Supreme Court of Kentucky

September 27, 2018

ACTIVE CARE CHIROPRACTIC, INC. APPELLANT
v.
KATHERINE RUDD; HONORABLE JEANIE OWEN MILLER, ADMINISTRATIVE LAW JUDGE; WORKERS' COMPENSATION BOARD AND KENTUCKY COURT OF APPEALS APPELLEES

          ON APPEAL FROM COURT OF APPEALS CASE NO. 2017-CA-00469-WC WORKERS' COMPENSATION BOARD NO. 14-WC-81319

          COUNSEL FOR APPELLANT: Richard Christion Hutson Whitlow, Roberts, Houston & Straub, PLLC

          COUNSEL FOR APPELLEE: KATHERINE RUDD Mark Lane Ashburn

          OPINION

          VANMETER, JUSTICE

         KRS[1] 342.730(1)(c)2 states: "During any period of cessation of . . . employment, temporary or permanent, for any reason, with or without cause, payment of weekly benefits for permanent partial disability during the period of cessation shall be two (2) times the amount otherwise payable[.]"[2] The sole issue for this Court on appeal, an issue of first impression, is whether the two- multiplier under KRS 342.730(1)(c)2 applies to a claimant's benefits when that claimant returns to work and later retires for reasons not solely related to the work-related injury itself. We hold that in such circumstances the two-multiplier must be applied to comply with the unambiguous language of KRS 342.730(1)(c)2. Accordingly, we affirm.

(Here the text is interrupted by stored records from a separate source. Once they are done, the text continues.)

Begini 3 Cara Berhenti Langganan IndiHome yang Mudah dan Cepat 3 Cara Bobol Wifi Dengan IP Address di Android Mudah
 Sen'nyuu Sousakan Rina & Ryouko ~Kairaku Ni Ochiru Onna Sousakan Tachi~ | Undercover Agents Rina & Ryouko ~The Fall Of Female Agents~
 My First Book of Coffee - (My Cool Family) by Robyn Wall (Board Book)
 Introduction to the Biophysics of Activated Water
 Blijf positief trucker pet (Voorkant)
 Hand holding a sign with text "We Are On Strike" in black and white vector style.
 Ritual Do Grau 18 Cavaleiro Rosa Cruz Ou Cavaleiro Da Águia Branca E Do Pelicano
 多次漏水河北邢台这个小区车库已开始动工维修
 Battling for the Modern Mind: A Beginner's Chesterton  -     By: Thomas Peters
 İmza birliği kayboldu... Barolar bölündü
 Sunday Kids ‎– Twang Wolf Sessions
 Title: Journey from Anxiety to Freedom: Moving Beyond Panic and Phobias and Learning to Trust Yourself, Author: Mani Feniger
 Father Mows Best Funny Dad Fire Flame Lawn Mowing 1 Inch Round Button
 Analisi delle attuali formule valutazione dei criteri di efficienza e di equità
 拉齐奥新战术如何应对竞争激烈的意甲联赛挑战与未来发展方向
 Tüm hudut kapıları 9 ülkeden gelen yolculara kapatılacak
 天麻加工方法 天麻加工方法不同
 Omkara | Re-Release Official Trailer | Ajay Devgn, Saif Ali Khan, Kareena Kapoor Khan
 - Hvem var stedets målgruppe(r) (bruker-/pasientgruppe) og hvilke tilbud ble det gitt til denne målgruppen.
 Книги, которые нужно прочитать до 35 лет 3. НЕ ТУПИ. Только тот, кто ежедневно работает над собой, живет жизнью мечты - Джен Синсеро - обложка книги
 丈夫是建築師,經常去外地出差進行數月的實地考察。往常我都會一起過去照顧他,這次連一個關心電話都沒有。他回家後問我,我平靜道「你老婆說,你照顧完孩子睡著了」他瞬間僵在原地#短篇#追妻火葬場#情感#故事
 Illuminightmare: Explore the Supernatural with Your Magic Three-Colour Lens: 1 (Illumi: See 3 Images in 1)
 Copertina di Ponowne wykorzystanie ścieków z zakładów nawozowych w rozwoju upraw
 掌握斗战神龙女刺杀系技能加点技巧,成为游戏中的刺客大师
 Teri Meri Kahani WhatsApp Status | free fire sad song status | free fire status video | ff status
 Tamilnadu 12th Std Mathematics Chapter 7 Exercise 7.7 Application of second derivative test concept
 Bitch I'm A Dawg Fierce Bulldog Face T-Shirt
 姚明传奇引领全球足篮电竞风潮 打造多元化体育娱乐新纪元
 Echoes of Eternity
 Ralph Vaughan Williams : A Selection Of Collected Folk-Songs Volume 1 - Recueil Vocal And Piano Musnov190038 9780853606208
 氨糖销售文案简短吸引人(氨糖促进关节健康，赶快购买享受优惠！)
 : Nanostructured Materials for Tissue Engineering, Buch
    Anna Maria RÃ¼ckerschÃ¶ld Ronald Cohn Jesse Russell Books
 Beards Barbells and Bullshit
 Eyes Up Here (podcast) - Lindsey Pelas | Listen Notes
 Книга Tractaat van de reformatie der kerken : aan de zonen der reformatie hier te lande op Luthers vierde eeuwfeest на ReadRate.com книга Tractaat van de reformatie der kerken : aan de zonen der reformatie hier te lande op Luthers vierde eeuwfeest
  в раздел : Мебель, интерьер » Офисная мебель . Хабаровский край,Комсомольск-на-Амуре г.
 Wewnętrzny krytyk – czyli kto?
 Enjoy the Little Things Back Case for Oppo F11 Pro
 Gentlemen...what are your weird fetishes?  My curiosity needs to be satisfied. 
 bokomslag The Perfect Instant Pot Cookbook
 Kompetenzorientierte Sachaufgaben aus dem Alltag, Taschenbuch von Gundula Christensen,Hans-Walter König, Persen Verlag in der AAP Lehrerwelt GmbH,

         I. FACTUAL BACKGROUND.

         The facts in this case are not in dispute. Active Care Chiropractic employed Katherine Rudd part-time. One day, while taking out the trash at work, she slipped and fell, injuring her shoulder. After three shoulder surgeries, she returned to work. About a year after her return to work, she voluntarily retired, for reasons not solely related to the work-related injury. At her Formal Hearing Rudd stated:

It was not due to the accident, not directly. I was turning sixty, and I'd never had any medical problems before. This kind of made me re-evaluate things. I decided I wanted to spend what quality years I have left doing things that provide the greatest satisfaction, and decided that being a secretary just wasn't doing it for me anymore. So I retired.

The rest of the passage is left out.